Menopause increases arterial stiffness which accelerates end organ damage, increases cardiac afterload,
and promotes heart failure with preserved ejection fraction, a disease twice as common in women than men.
Since the Women's Health Initiative reported that postmenopausal estrogen therapy induces adverse vascular
effects, new drugs are needed to protect aging women from cardiovascular disease. We propose that selective
therapies targeting the recently-discovered G protein-coupled estrogen receptor (GPER) will reduce
cardiovascular risk in postmenopausal women.
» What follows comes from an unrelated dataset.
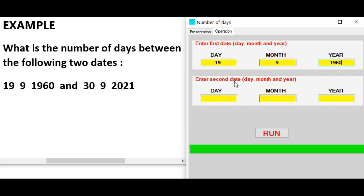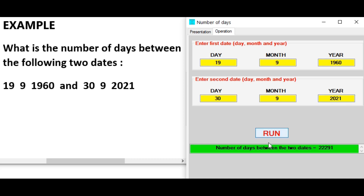Enter the second date: day 3, month 9, and year 2021. The number of days between the two dates is equal to this value.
Our preliminary data indicate a crucial role for GPER in vascular protection: GPER activation attenuates
salt-induced vascular remodeling while GPER deletion increases pulse pressure, an in vivo indicator of arterial
stiffness. This project will demonstrate that GPER protects the vasculature through a novel molecular
mechanism by which nongenomic estrogen signaling decreases ROS and attenuates glycosaminoglycans
(GAGs) in the extracellular matrix, thereby preserving the mechanical properties of central arteries and
decreasing pulse wave velocity. Moreover, an aging-induced decrease in vascular GPER expression promotes
adverse responses to estrogen but can be corrected with selective therapeutics that target this receptor.
We propose that vascular GPER protects from arterial stiffness, and targeting this receptor will
improve responses to postmenopausal hormone therapy. Using a combination of in vivo, ex vivo, and in
vitro approaches will allow us to assess our hypothesis in multiple ways. High-frequency ultrasound will allow
in vivo measurement of pulse wave velocity, the gold standard for assessing vascular stiffness. As opposed to
traditional uniaxial pressure myography, biaxial mechanical phenotyping performed in collaboration with a
biomedical engineer will allow the use of computational models to delineate the contributing factors for arterial
stiffness. ROS measurements will be obtained using electron spin resonance spectroscopy, a direct and
sensitive approach for quantifying free radicals in biological samples. Moreover, an inducible, cell-specific
GPER knockout mouse model will allow us to specifically assess the impact of decreased vascular GPER
expression during adulthood on the response to nonselective estrogen therapy.